Why Business Understanding Is So Important
The biggest mistake data analysts make in applying machine learning algorithms is to minimize the importance of this critical step and jump to poorly formed problem statements. Forty percent of your mental energy on your machine learning project should be spent making sure that you have properly thought through the data science project’s goal and everyone buys in.
Instead, most machine learning “rookies” come up too quickly with goals from their managers that sound good, like “identify employees that leave” or “target our ‘best’ customers.” Later, these poorly formed business problem statements steer the data science projects down time-wasting and non-productive paths. Managers become frustrated with the lack of useful results or worse, take action on poorly defined business problem statements and associated machine learning results. This waste of time and resources fools organizations into believing that the machine learning is to blame rather than realizing that they rushed into a data science project before fully thinking it through.
The Business Problem Statement
The key to creating business understanding is to start with a well-defined business problem statement.
These are the types of business problems you may be looking to solve:
On the surface, these seem like fine problems to investigate, but they’re way too general to base a machine learning project on. Instead, we need to take a note from Albert Einstein.
“If I had an hour to solve a problem I'd spend 55 minutes thinking about the problem and five minutes thinking about solutions.”
― Albert Einstein
Einstein knew that the more you think about the problem you’re trying to solve, the more specific you can be in your approach to solving that problem. The more specific you are in your approach, the more likely you are to get the results you’re looking for instead of chasing a bunch of irrelevant data.
For example, “identify employees who leave our organization” seems like a good business problem statement, but it isn’t specific enough. The easiest way to identify employees that will leave is to see which employees have submitted their resignation notices. But if you’re interested in employee retention, that’s not the data you’re really looking for.

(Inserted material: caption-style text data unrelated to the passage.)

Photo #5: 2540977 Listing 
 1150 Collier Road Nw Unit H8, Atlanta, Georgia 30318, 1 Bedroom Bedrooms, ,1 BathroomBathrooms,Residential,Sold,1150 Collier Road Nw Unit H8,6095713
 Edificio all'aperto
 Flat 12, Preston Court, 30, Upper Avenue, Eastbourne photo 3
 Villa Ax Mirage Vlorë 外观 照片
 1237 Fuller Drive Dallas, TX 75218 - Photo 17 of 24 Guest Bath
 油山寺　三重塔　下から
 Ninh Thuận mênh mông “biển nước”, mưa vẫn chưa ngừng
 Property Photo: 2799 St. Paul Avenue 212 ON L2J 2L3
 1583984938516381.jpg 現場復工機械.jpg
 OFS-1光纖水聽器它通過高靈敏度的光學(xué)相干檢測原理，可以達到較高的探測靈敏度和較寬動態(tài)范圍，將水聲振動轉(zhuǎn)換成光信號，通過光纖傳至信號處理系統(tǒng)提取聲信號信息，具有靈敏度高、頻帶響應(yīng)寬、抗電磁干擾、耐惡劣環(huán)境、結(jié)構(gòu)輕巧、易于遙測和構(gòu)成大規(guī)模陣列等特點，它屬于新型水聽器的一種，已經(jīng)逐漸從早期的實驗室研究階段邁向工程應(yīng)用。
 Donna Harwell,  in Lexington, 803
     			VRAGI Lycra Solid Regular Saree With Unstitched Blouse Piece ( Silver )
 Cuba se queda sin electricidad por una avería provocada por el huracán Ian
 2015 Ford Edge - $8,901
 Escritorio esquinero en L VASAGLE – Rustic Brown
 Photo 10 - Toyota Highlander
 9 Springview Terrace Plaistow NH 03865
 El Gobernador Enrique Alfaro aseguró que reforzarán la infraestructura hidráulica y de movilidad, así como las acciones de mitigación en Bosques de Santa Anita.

You probably want to, say, identify the signs that an employee is likely to voluntarily leave three months before he or she submits their resignation notice—when the business can actually do something about it.
But even that level of detail isn’t good enough. You’d still need to figure out what “voluntarily leave” means. Are you including people who retire, take family leave, or switch to part time?
Do you only require a prediction and a probability for each prediction, or do you also require understanding the model’s reasons for each prediction? A machine learning model that can predict three months ahead of an employee’s voluntary attrition requires that you feed the algorithms data about employees that both leave and stay.
A well-defined business problem statement for this case might be: Identify employees that voluntarily attrite three months before they leave and provide reasons why. A variant of this could be to identify likely high-value employees that are likely to leave three months before they leave and provide reasons why—but that’s another model or a combination of a likely high-performer model in combination with our voluntary attrition early warning model.
How to Properly Define a Business Problem Statement
Thinking through the business problem statement in detail is what separates successful machine learning projects from those that fail and end in frustration.
The king of all ill-defined business problem statements is: “I’ve got all this data. Can you mine it for useful insights?”
This is a trap.
Just like golf where a poorly placed shot can leave you struggling in a sand trap, a poorly formed problem statement can start you on the wrong path—wasting time, resources, and management’s patience in the process.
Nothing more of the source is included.